Emotion. Vitriol. Fear. These elements are at play on both sides of the issue of immigration reform. Yet they may be keeping us from making the best decisions for America’s long-term competitive advantage.
We hear threats of American jobs being shipped overseas or the importation of less-costly workers to our own shores. We see America falling behind in the landscape of technological innovation. Are these fears founded? If so, what’s the solution? We must take both a short-term and long-term approach—and suspend some powerful preconceived notions in the process.
The fact is that there are more technology roles available today than there are qualified U.S. candidates and upcoming graduates to fill them. An analysis of the industry by Microsoft, based on Bureau of Labor statistics data, found that only 51,474 students will graduate with a bachelor’s degree in Computer Science this year, yet there are 122,300 open jobs that require the degree. According to U.S. News & World Report, China already has over 1 million college graduates each year in science, technology and mathematics, while the U.S. graduates fewer than half that number. Setting aside the hot-button issue of immigration for a moment, it’s clear that to keep American businesses thriving, we need to have the right people in the right roles. That’s what the H1B Visa is designed to do: It allows U.S. companies to hire foreign workers in specialized occupations for limited periods of time.

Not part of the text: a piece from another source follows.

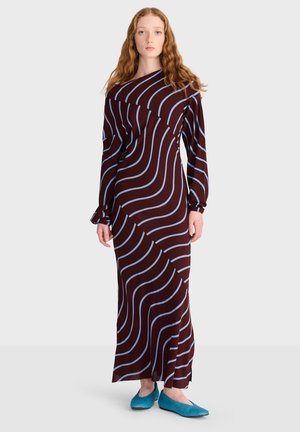 Femme aux longs cheveux roux portant une longue robe sombre avec des rayures ondulées bleu clair et des chaussures plates bleu vif, debout devant un fond uni.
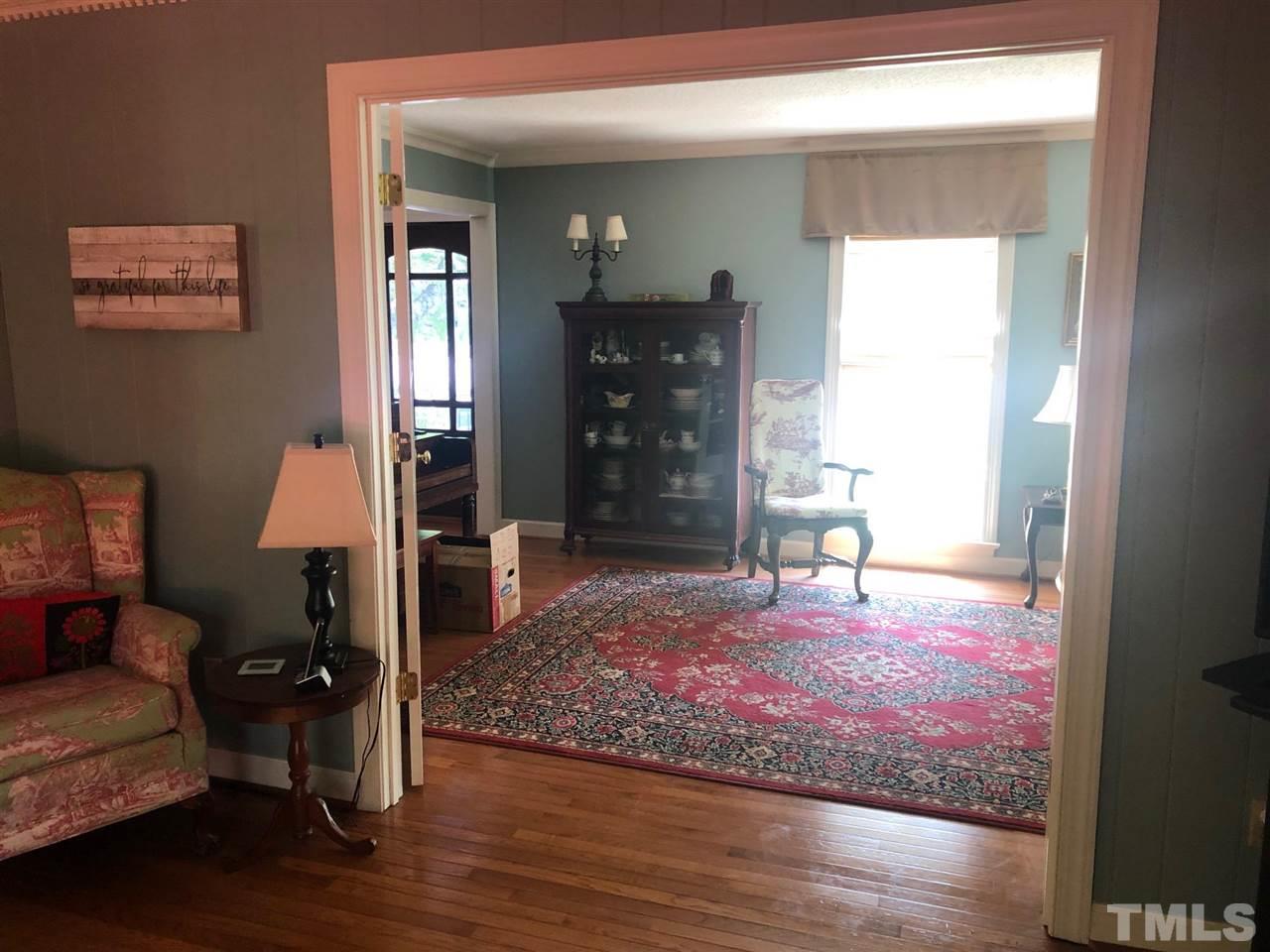 7919 Harps Mill Road Raleigh, NC 27615 - Photo 6 of 29 a living room with furniture and a wooden floor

While hiring qualified candidates from other countries may seem like taking away an American’s job, it is an important short-term solution to a larger problem: America’s talent gap. We simply are not producing the mathematicians, scientists and technologists that other countries are. In the near term, foreign workers are necessary to keep American innovation alive. By not granting sufficient H1B visas, the U.S. government is, in effect, forcing the outsourcing of technological creativity. This is dangerous in a world where technology is innovation, and innovation (along with the intellectual property and revenue it generates) stays where the innovators are. It’s simple: We can allow those innovation activities to go to China or India, or we can make an effort to keep innovation happening in the United States. It’s our decision.
The tech industry can see the truth that immigration politics sometimes obscures. That’s why a host of companies, alongside a program called TechNet headed by Facebook’s Mark Zuckerberg, have been some of the most vocal supporters of expanding the H1B visa program.
They know that when we bring the best minds together here in the U.S. to collaborate and innovate, we not only meet our staffing and development challenges of today; we begin to bridge the talent gap by adding to our own knowledge base, rather than giving that privilege away to the lowest bidder overseas.
Building Talent for the Future
In the long term, America must develop more of its own tech talent. To facilitate this, every company must do its part. Here at Mondo, we have a proactive college outreach program that serves a greater purpose than scouting and recruiting. Universities, historically, are inept at preparing students for the technological landscape that awaits them after graduation. By working with universities directly, we provide students with internships, online training and the chance to “get their hands dirty” through real business-world experiences. Through this relationship, we’ve also been able to help shape and guide curricula toward the modern industry’s needs.
The U.S. Congress is very close to passing a comprehensive immigration bill that includes H1B visas. Let’s all hope that we can set fear and bickering aside and realize that the U.S. depends on the best and brightest from around the globe to maintain its edge as the leader in technology innovation—both today and tomorrow.
Michael Kirven is founder and CEO of Mondo, a technology resourcing provider.